Summary. The manuscript proposes Frequency-Decomposed INR (FD-INR), a dual-branch implicit neural representation for NIR-assisted denoising of low-light RGB images. Images are decomposed via multi-scale wavelets; a cross-modal differentiated supervision mechanism routes low-frequency luminance and color reconstruction to RGB guidance while assigning high-frequency texture recovery to high-SNR NIR signals. An uncertainty-weighted adaptive loss balances the frequency-specific tasks. The central claims are that this restores luminance consistency and structural details more effectively than spatial-domain fusion methods and, owing to the continuous INR representation, outperforms baselines on arbitrary-resolution reconstruction.

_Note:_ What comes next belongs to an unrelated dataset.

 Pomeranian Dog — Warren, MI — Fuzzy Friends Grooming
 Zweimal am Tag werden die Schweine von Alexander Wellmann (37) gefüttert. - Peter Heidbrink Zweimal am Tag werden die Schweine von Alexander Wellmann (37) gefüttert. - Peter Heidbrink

Significance. If the frequency-specific cross-modal prior is empirically supported and the experimental gains are reproducible, the work would offer a principled frequency-domain alternative to existing RGB-NIR fusion techniques for low-light restoration. The INR component additionally supplies a genuine advantage for resolution-flexible output, which is a clear methodological strength when the frequency signals are correctly recovered.

major comments (3)

[§3 (method and prior statement)] The statistical prior that 'low-frequency RGB signals are more reliable, whereas high frequency NIR signals exhibit higher correlation' (abstract and §3) is load-bearing for the differentiated supervision and the claim of complementary frequency-domain advantages. No quantitative validation, correlation statistics on low-light data, or ablation isolating this prior versus uniform supervision is provided; if low-light noise leaks into the low-frequency wavelet coefficients, the RGB-guided branch receives corrupted targets and the uncertainty loss cannot fully compensate.
[§4 (experimental results)] §4 (experiments): the abstract asserts outperformance on luminance consistency, structural details, and arbitrary-resolution tasks, yet the provided description contains no dataset names, quantitative metrics (PSNR/SSIM/LPIPS), ablation tables, or comparison baselines. Without these, it is impossible to verify that the frequency decomposition and INR components drive the claimed gains rather than implementation details.
[§3.3 (loss function)] The uncertainty-based adaptive weighting loss is presented as solving color distortion and artifacts from rigid spatial fusion, but no derivation or sensitivity analysis shows how the per-frequency uncertainty estimates are computed or why they remain stable when wavelet-scale noise correlation violates the stated prior.

minor comments (2)

[§3.1] Notation for the wavelet decomposition scales and the dual-branch INR inputs/outputs should be defined once in a table or equation block for clarity.
[§4.3] The arbitrary-resolution claim would benefit from an explicit statement of the INR query mechanism (e.g., coordinate sampling density) and a controlled comparison against bilinear or bicubic upsampling of the same frequency components.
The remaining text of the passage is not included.